If there's one misunderstanding that it'd be valuable to clean up about
protocols like TLS in 2020 this would be it.

It is _technically_ possible to do this. It's how PGP worked for example, and
it was how SSL was originally conceived, but it is not now commonly used and
is unsupported entirely in TLS 1.3

Let's take my connection to send this message to Hacker News. It's not TLS
1.3, but the previous version TLS 1.2 instead, and it has a 2048-bit RSA
public key in the certificate. Is this key used "to talk secretly" ? No!
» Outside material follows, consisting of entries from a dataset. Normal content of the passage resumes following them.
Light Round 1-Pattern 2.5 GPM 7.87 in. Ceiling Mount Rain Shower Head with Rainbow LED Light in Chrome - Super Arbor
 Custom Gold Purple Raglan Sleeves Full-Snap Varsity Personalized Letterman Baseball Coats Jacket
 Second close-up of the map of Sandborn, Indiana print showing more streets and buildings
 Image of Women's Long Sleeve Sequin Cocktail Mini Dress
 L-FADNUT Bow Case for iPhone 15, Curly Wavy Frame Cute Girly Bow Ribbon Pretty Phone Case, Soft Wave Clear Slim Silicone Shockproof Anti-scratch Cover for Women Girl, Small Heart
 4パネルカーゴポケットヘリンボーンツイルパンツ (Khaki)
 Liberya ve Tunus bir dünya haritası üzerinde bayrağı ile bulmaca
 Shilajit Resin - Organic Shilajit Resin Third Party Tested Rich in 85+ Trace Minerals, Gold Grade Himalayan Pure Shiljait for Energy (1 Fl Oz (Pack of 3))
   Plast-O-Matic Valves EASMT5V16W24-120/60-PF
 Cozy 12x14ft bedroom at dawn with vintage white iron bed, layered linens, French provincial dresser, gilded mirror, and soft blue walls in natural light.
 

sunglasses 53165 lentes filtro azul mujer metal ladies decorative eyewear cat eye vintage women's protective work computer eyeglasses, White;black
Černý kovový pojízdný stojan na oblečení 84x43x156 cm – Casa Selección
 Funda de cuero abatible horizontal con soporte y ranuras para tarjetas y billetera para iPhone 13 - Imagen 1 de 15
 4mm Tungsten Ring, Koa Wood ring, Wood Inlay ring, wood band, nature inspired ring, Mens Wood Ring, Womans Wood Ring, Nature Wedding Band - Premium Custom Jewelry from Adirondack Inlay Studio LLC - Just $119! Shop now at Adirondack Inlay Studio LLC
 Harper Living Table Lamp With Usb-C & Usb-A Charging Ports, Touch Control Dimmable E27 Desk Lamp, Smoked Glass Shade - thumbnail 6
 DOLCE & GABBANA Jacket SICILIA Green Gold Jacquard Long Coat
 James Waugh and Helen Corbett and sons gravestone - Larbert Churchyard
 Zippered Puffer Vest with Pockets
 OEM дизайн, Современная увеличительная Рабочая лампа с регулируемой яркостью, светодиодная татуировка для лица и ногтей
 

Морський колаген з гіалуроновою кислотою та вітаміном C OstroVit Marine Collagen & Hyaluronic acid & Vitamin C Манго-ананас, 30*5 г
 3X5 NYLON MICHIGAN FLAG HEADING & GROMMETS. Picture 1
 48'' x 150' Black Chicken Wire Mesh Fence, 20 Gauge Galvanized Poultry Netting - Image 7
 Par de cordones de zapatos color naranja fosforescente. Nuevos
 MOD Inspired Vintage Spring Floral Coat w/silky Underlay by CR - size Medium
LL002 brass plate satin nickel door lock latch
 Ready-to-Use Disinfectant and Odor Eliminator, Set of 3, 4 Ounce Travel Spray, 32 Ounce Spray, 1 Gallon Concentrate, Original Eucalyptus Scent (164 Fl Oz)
Instead my browser and HN's server use a variant of the Ephemeral Diffie-
Hellman protocol with Elliptic Curves to pick a completely random key and
_that_ key is used "to talk secretly". The public RSA key's role is only to
prove that I am communicating with Hacker News and not somebody else
pretending to be them. That's _all_ it is for on modern sites talking to
modern browsers.

This is what Forward Secrecy is all about. Since the keys used to secure
messages were _not_ based on that fixed long term RSA key, but instead a
random key both parties soon forgot about, we achieve Forward Secrecy as
neither of us can (whether by mistake or on purpose) later reveal how to
decrypt the messages.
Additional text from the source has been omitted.